Problem to solve =
Drop every picture and copy exactly the lines from the one with "SOMFY Dexxo Smart 800 io Guia De Instalacion" through the last line of the listing below.
──────── Dataset content ────────
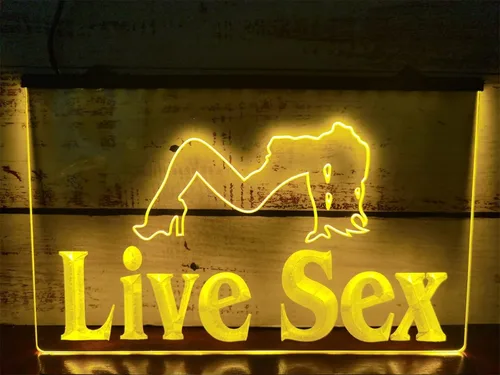 Vista 2 de Señales de neón de sexo en vivo con luces LED de neón sexy bailarina para bar, decoración de pared, decoración de pared, decoración de pared, Azul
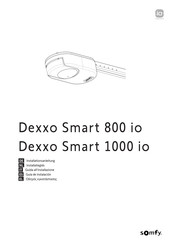 SOMFY Dexxo Smart 800 io Guia De Instalacion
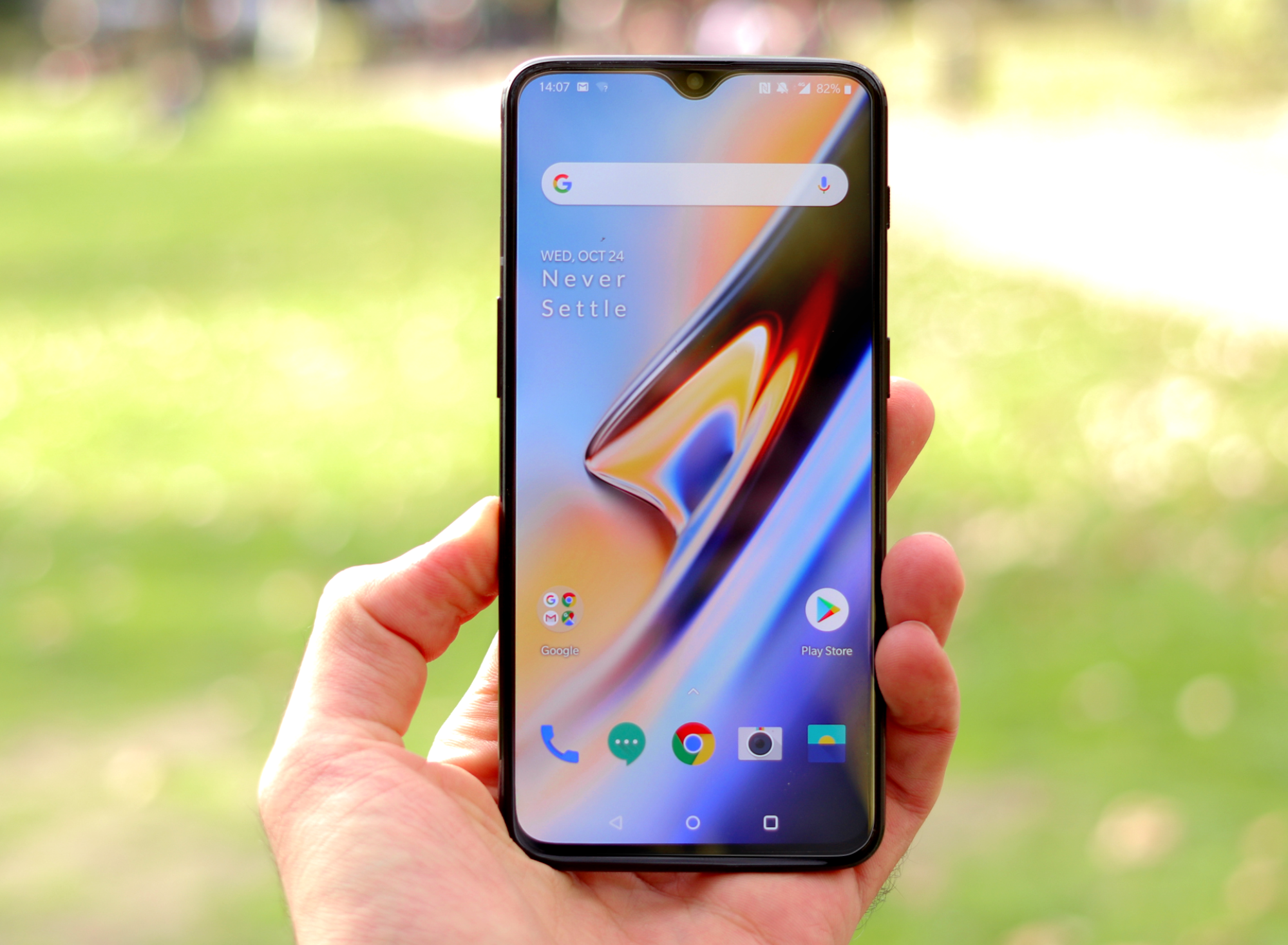 A phone with a Fusion black bumper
────────
Written response =
 SOMFY Dexxo Smart 800 io Guia De Instalacion
 A phone with a Fusion black bumper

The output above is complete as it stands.